Perumaan ( Shiva) is a 2012 Tamil-language thriller film starring newcomers Arjun Das and Shruti in the lead roles while the producer Sriram Vedam plays a negative role.

Cast  
Arjun Das as Shakti
Shruti as Shakti's girlfriend
Sriram Vedam as Gangster
Ashwin
Madan
Jai
Krishna

Production 
The film began production as Perumaan The Rajnikanth. Initially, Rajinikanth approved the name of the film.

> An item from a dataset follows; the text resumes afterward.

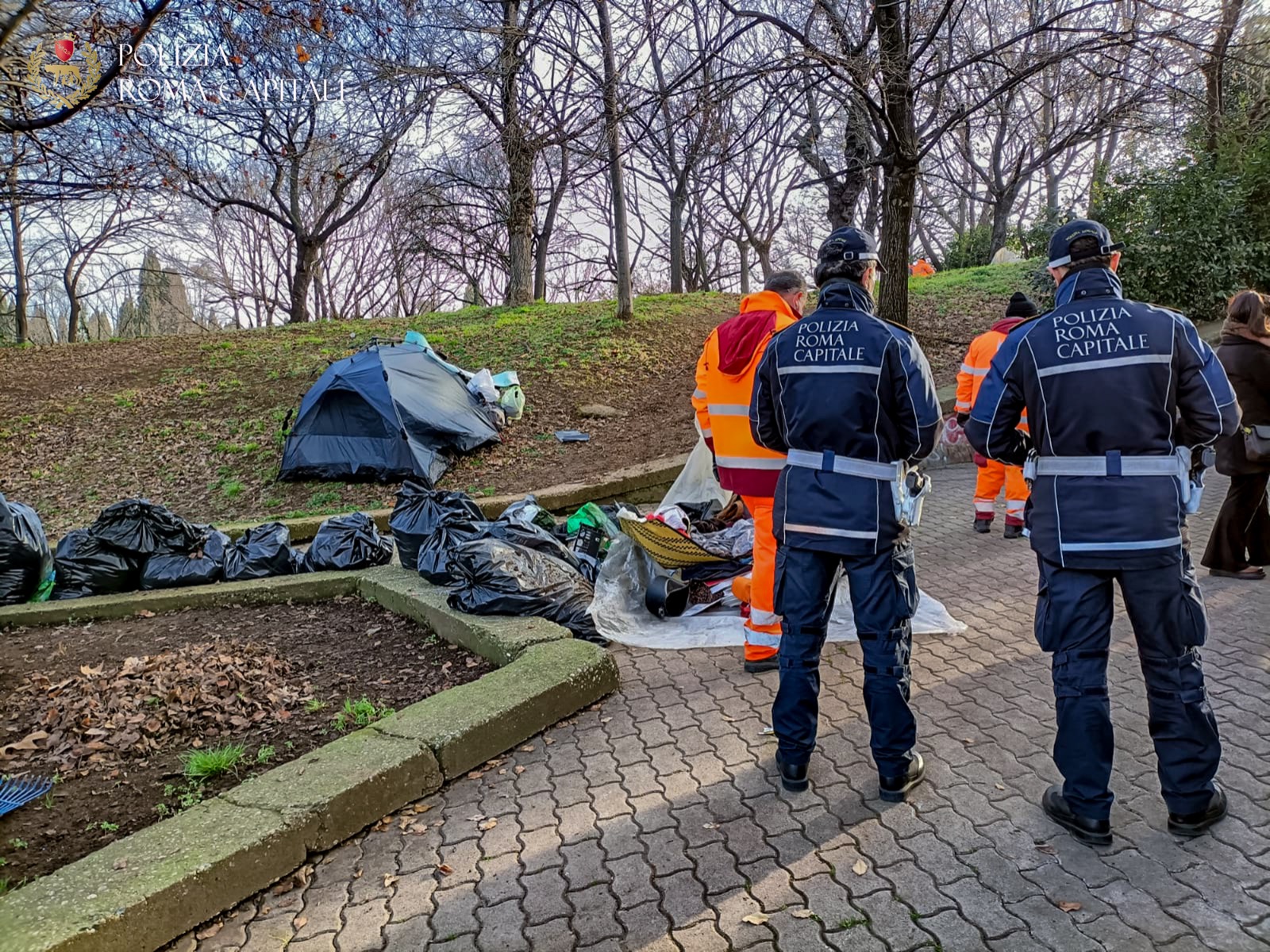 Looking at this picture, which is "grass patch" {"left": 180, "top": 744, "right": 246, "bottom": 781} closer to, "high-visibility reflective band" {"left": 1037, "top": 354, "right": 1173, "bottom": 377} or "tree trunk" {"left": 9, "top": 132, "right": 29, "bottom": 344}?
"high-visibility reflective band" {"left": 1037, "top": 354, "right": 1173, "bottom": 377}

However, the name was shortened to Perumaan upon release after Rajinikanth's spokesperson, V M Sudhakar, thought it was unacceptable for anybody to call him as higher than a deity.

Soundtrack
The songs were composed by Luiji and Vikram Sarathy R.
"Life Is Bimbilaaki Bilaapi" - Luiji, Rajesh Kanna
"Swapna Sundari" - Vikram Sarathy, Keerthana 
"Om Om Siva" -  Vikram Sarathy, Sricharan 
"Hey Snehidhiye" - Nikhil Mathew
"Vaanum Manum" -  Vikram Sarathy 
"My Sarah" - Luiji and Smruthi

Release
The Times of India gave the film three out of five stars stating that "It is this tough story that Rajesh Kannan sets out to tackle, and to his credit, it must be said that he has done a decent job". News 18 Praised the story, but criticized the slow screenplay. The reviewer wrote that "Agreed that Rajesh Kannan has presented an original story. But the pace in which the movie moves is too slow, something which he cannot afford in a suspense thriller". Behindwoods gave the film one half out of five stars stating that "To sum up, Perumaan could have been made as a decent short film. Fewer dialogues, jumpy song sequences and the dead slow script show the director’s desperation to make it into a two and a half hours feature film".